Retype exactly what appears below from the line containing "LM - Love & Music Pose" down to the line containing "CJTF-HOA supports Djibouti’s", keeping both end lines. Do not include pictures.
[Opening MATERIAL FOR THIS EXERCISE section]
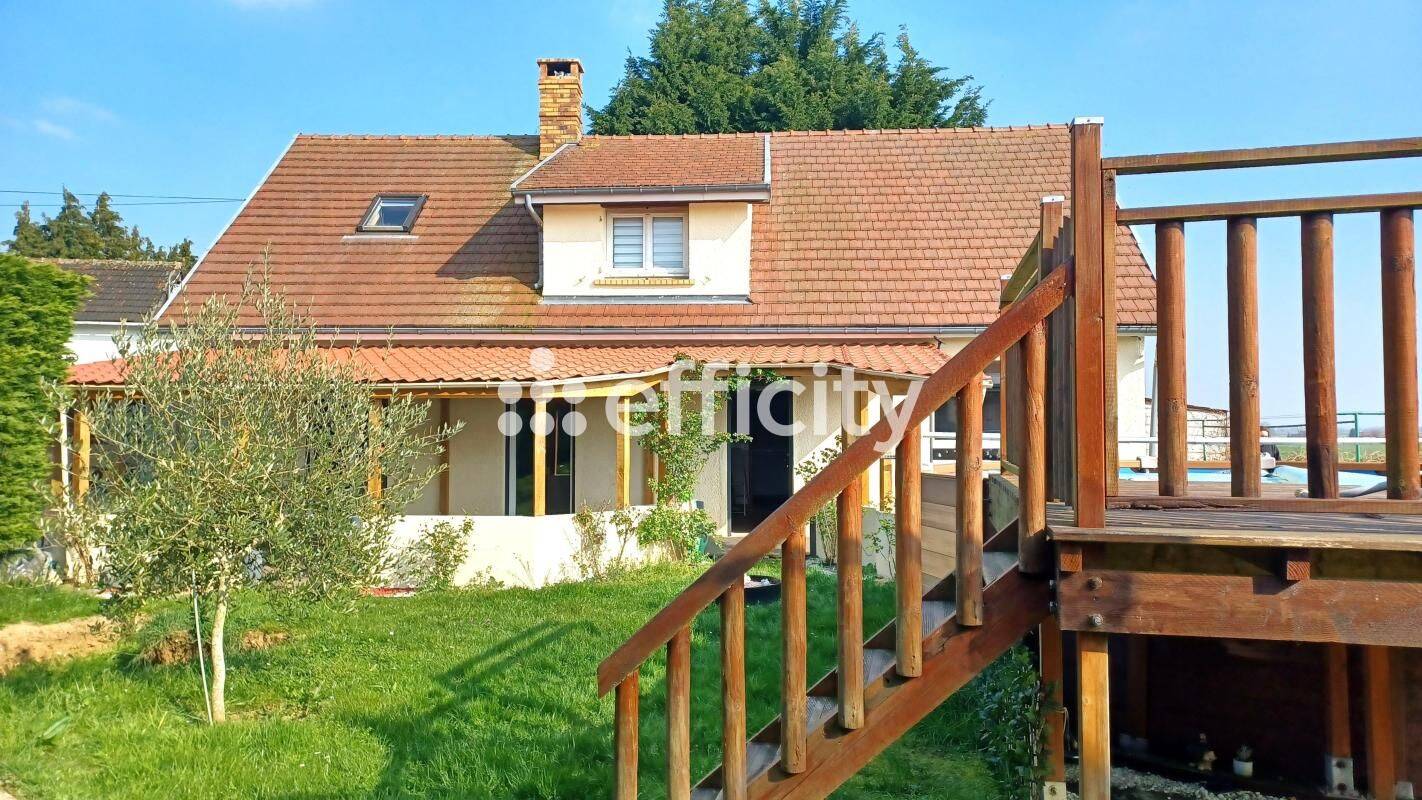 Maison 6 pièces 135 m² · à Morgny · 135 m² · 189 900 €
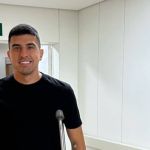 Atlético: Battaglia se pronuncia após cirurgia no joelho: 'Voltar ainda mais forte'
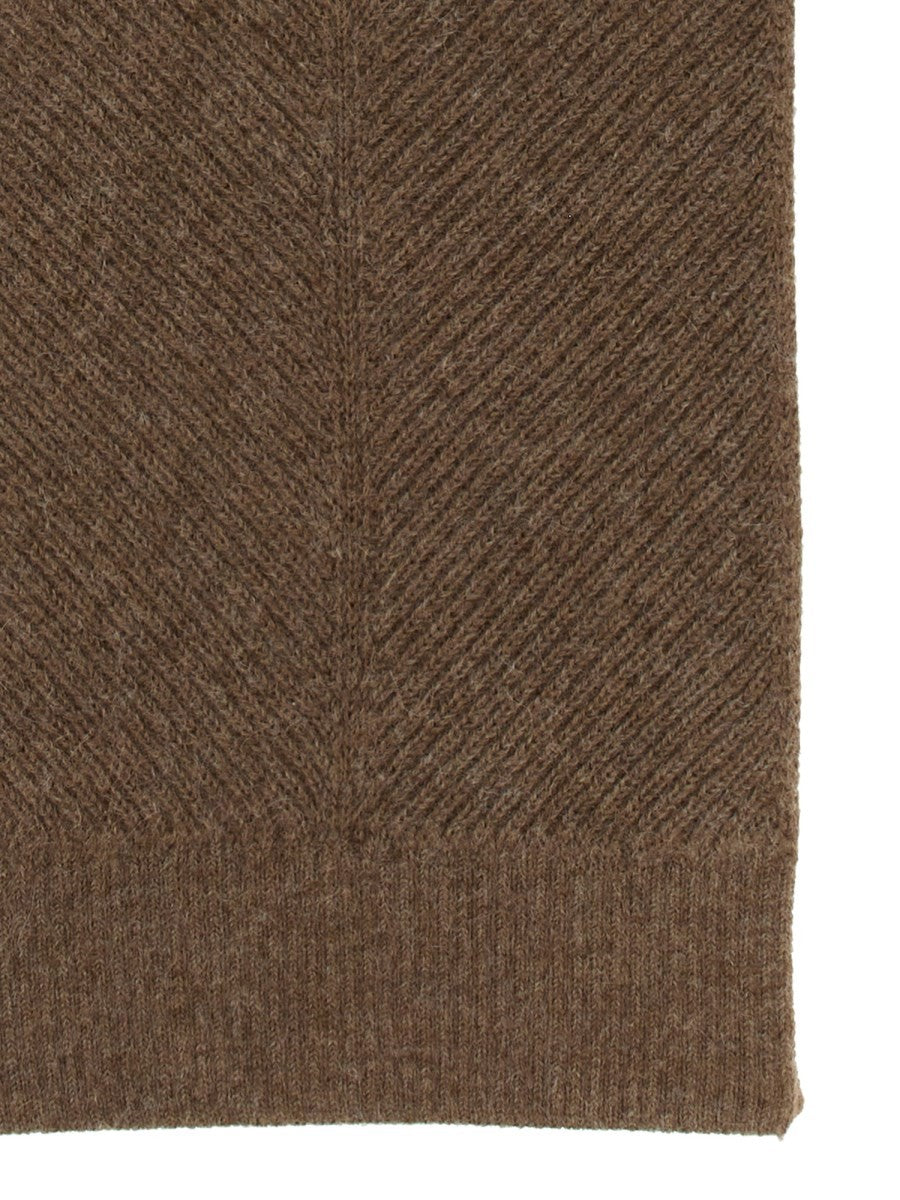 Bottega Veneta - Man - Beige - Scarf
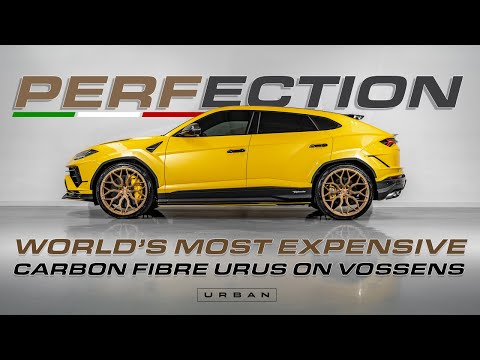 The ULTIMATE performance SUV? Lamborghini Urus Performante with Urban & Vossen | URBAN UNCUT S3 EP08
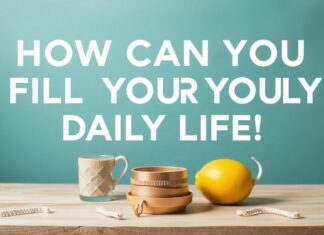 Günlük Hayatınızı Nasıl Doldurabilirsiniz? How Can You Fill Your Daily Life?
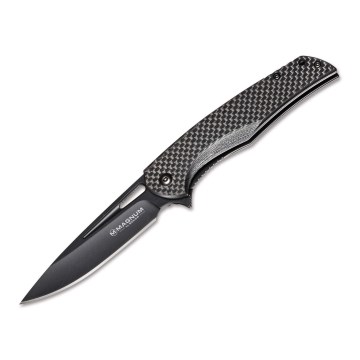 Böker - Canivete Magnum Black Carbon 20,5 cm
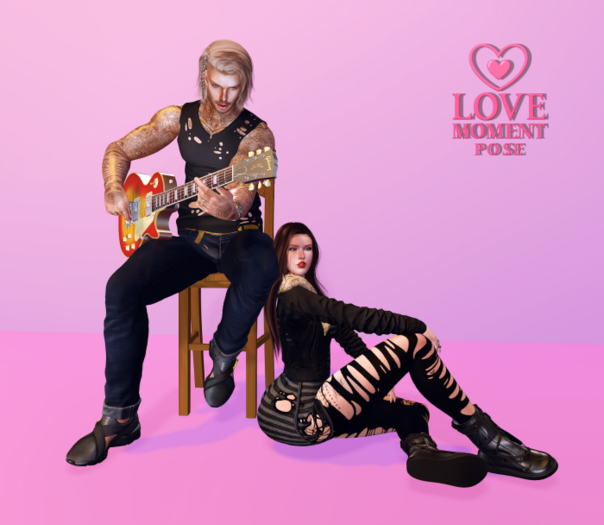 LM - Love & Music Pose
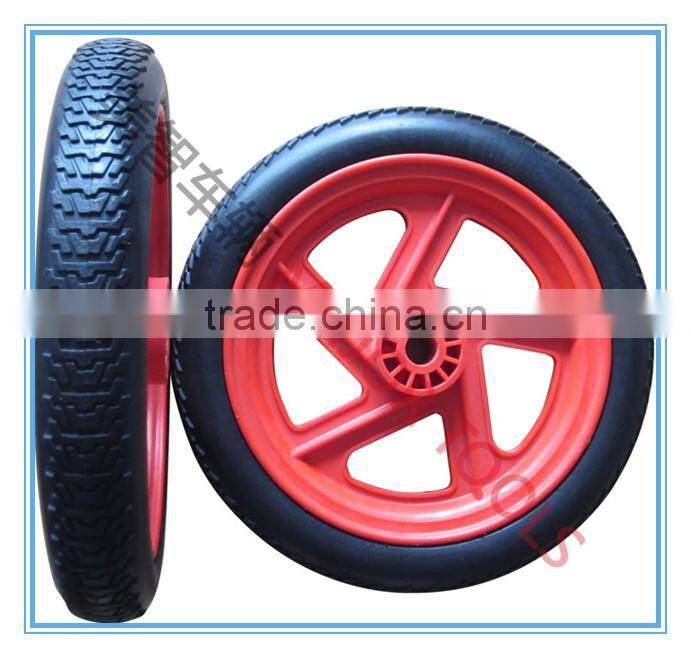 12X2 inch pu and eva foam wheel with copetitive price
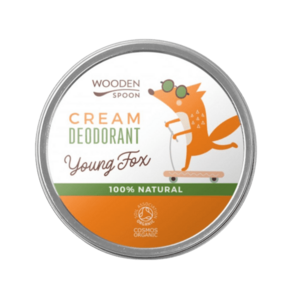 WOODENSPOON Přírodní krémový deodorant Young fox 60 ml obraz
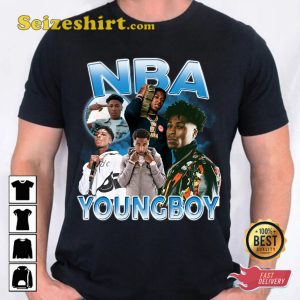 NBA Youngboy Never Broke Again Vintage T-shirt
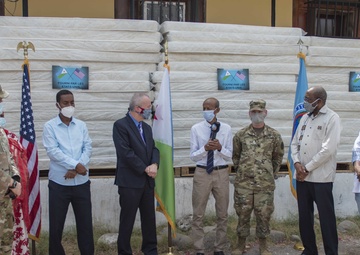 CJTF-HOA supports Djibouti’s fight against COVID-19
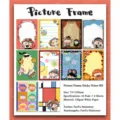 Leuke M5 memo blok briefjes set, 10 schattige cartoon illustratie patronen voor dagelijkse plannin - Mijn Fotolijst Notizblock 10 Patronen Elk 6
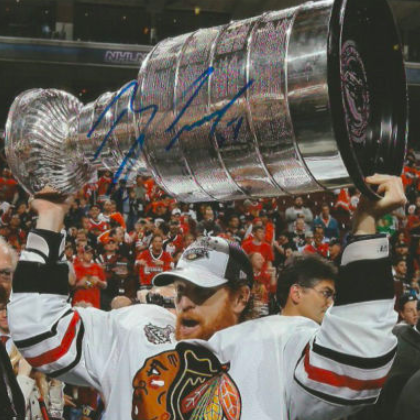 Brian Campbell 2010 Stanley Cup Champion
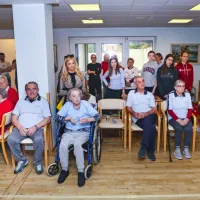 Stanovalci petih istrskih domov upokojencev so se pomerili na 8. Mini olimpijadi istrskih domov (FOTO)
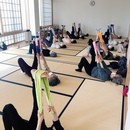 健康ストレッチで未来の自分にキレイと元気を届けようの講座の風景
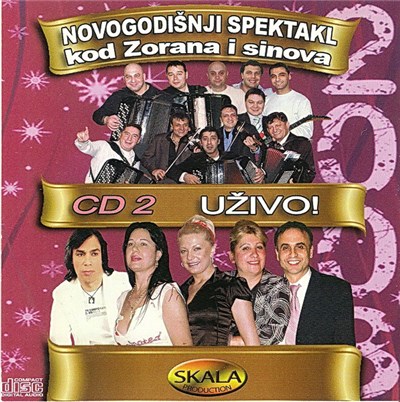 Various - Novogodišnji Spektakl Kod Zorana I Sinova - CD 2 download mp3 flac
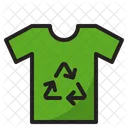 T Shirt Recycle Coth Shirt Icon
[Closing MATERIAL FOR THIS EXERCISE section]
**RESULT FOR THIS TASK**:
 LM - Love & Music Pose
 12X2 inch pu and eva foam wheel with copetitive price
 WOODENSPOON Přírodní krémový deodorant Young fox 60 ml obraz
 NBA Youngboy Never Broke Again Vintage T-shirt
 CJTF-HOA supports Djibouti’s fight against COVID-19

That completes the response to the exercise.